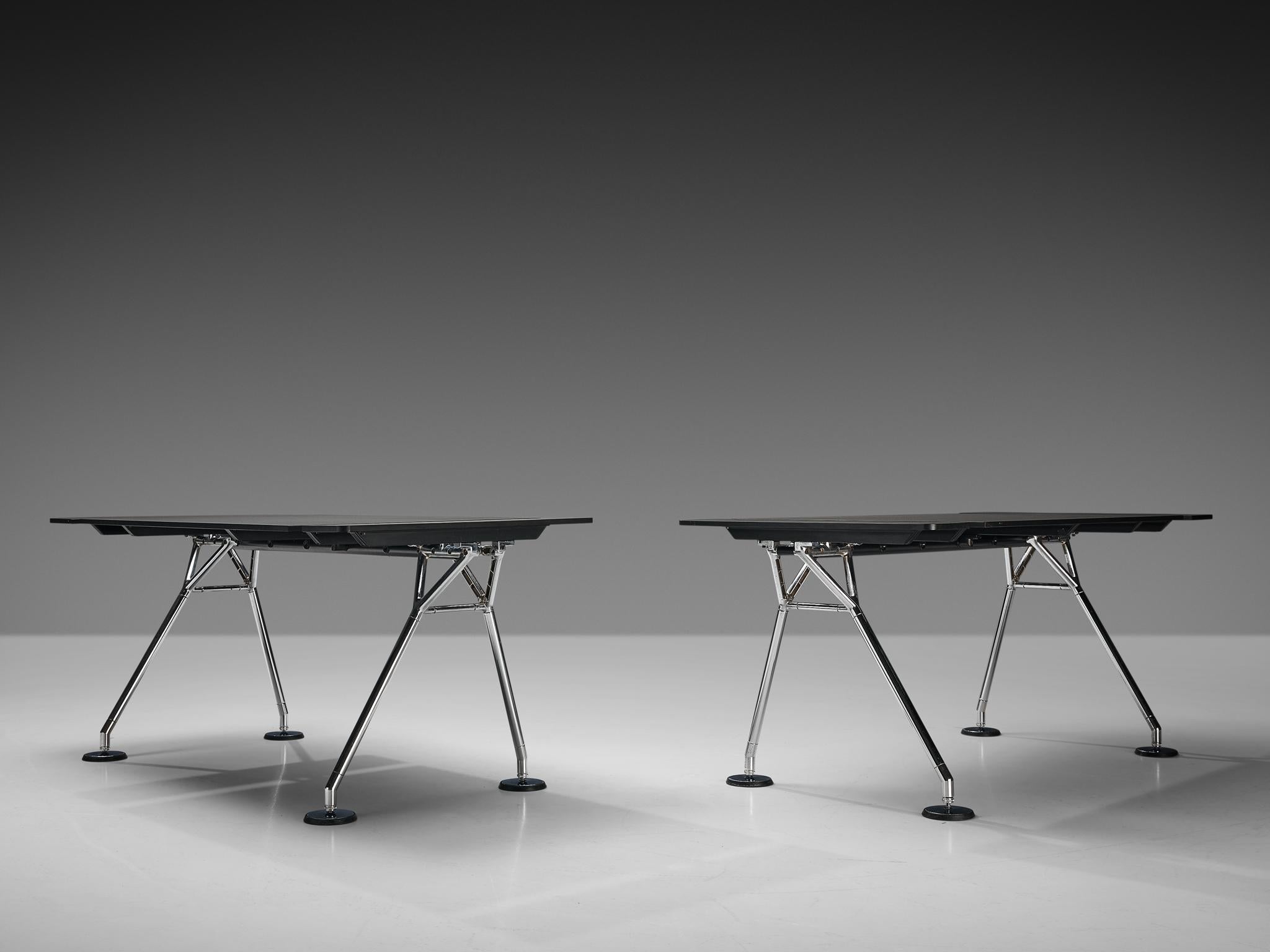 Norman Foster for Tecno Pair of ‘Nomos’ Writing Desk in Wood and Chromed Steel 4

---

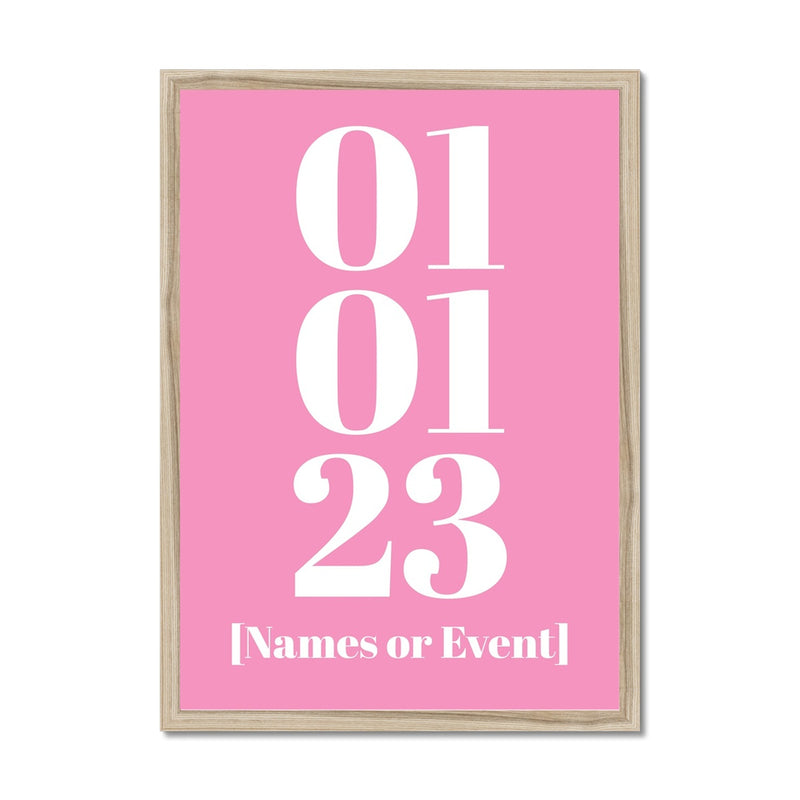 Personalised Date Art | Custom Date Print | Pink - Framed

--

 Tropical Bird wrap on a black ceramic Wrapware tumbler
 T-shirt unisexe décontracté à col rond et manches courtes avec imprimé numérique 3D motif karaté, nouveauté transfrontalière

What you need to do:
Among the lines above, find the one with "Tropical Bird wrap" and the one with "T-shirt unisexe décontracté". Quote both and everything between them, exactly.

Expected output:
 Tropical Bird wrap on a black ceramic Wrapware tumbler
 T-shirt unisexe décontracté à col rond et manches courtes avec imprimé numérique 3D motif karaté, nouveauté transfrontalière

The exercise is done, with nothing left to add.